Implement Grafana advanced alerting with webhooks and notification channels

Intermediate 45 min Apr 25, 2026 45 views
Ubuntu 24.04 Debian 12 AlmaLinux 9 Rocky Linux 9

Set up comprehensive Grafana alerting with webhook endpoints, Slack and Teams notifications, and advanced alert conditions. Configure data sources, create alert rules, and implement custom notification channels for production monitoring.

Prerequisites

  • Grafana 9.0 or higher
  • Prometheus data source
  • SMTP server access for email notifications
  • Webhook endpoints for external integrations
  • Administrative access to configure notification channels

What this solves

Grafana's unified alerting system lets you create sophisticated alert rules that can notify multiple channels when your infrastructure needs attention. This tutorial shows you how to set up webhook endpoints for external integrations, configure notification channels for Slack and Microsoft Teams, and create advanced alert conditions with custom templating for production environments.

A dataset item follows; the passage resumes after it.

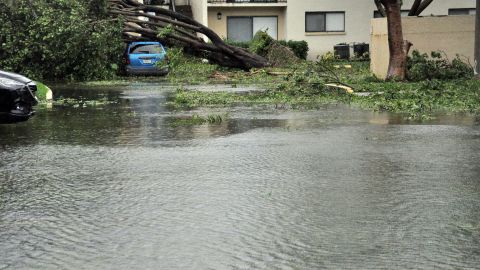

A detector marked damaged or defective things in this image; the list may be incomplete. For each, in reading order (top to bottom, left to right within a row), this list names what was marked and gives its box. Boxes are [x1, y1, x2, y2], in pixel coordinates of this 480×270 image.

damaged dark car [0, 70, 38, 124]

Step-by-step configuration

Update system packages

Start by updating your package manager to ensure you have the latest security patches.

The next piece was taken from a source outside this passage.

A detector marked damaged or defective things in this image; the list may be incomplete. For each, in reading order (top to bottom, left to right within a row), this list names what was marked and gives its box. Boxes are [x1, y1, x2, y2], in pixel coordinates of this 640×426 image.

sudo apt update && sudo apt upgrade -y
sudo dnf update -y

Install Grafana if not already present

Install Grafana from the official repository if you don't have it running yet.

wget -q -O - https://packages.grafana.com/gpg.key | sudo apt-key add -
echo "deb https://packages.grafana.com/oss/deb stable main" | sudo tee /etc/apt/sources.list.d/grafana.list
sudo apt update
sudo apt install -y grafana
sudo dnf install -y https://dl.grafana.com/oss/release/grafana-10.2.3-1.x86_64.rpm

Configure Grafana for unified alerting

Enable unified alerting in the main configuration file and set retention policies.

[unified_alerting]
enabled = true

[alerting]
enabled = false

Alert rule evaluation interval

[unified_alerting.evaluation] max_attempts = 3 min_interval = 10s

Data retention for alert instances

[unified_alerting.state_history] enabled = true max_age = 168h

Screenshot settings for alert notifications

[unified_alerting.screenshots] capture = true max_concurrent_screenshots = 5

Start and enable Grafana

Start the Grafana service and enable it to run on boot.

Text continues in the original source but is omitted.